I stiffen. I know this voice. This mockery. My spear will be no use against it. If I kill the Hunter, it would probably just hop a ride on me.
I will tell you a secret, it says silkily. You do go on. Humans. Unless you are—it laughs softly—K’Vrucked.
I suck in a ragged breath.
MacKayla, I permit none to control me. Darroc will never use his shortcut, and you will never learn it.
The Hunter pops Darroc’s head like a grape. Hair and bone slap to the pavement. And now that I’m no longer transfixed by the gory sight, I see what the Hunter holds in its other hand. Had been holding all along.
I back away faster.
There was never any chance that Darroc and I would soar up into the night, and hunt the Sinsar Dubh.
It beat us to the punch.
It hitched a ride on our Hunter and came to us.

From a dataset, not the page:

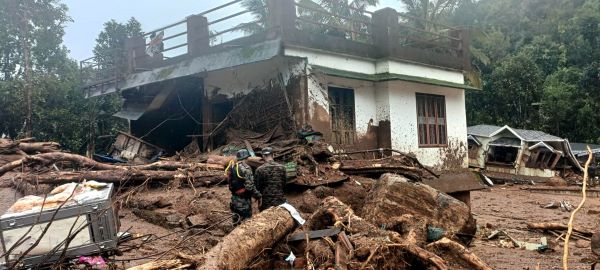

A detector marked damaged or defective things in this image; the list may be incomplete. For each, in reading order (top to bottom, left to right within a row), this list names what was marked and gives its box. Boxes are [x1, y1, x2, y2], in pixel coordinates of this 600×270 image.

damaged house [82, 1, 478, 173]
damaged house [468, 124, 580, 181]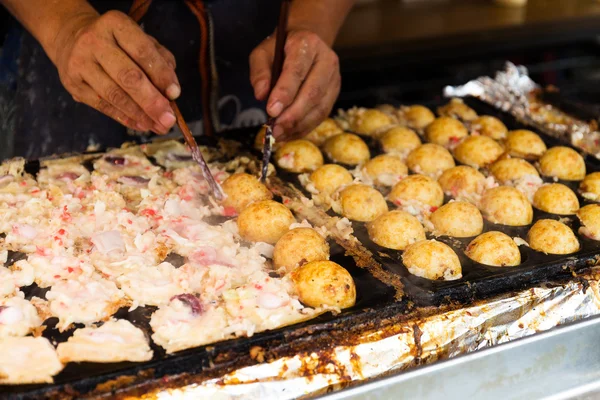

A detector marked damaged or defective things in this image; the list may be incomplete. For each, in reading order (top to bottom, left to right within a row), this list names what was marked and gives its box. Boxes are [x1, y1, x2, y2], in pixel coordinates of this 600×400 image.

And here I am, helpless. I have no stones, my spear is useless—
The amulet! When the Hunter ripped Darroc’s head off, it stayed on his body! I feint a wild glance around, trying hard to look at nothing in particular and everything, to keep from telegraphing my intentions.
Where the hell are the princes? They could sift me out of here! What did they do—vanish the moment Darroc was killed? Cowards!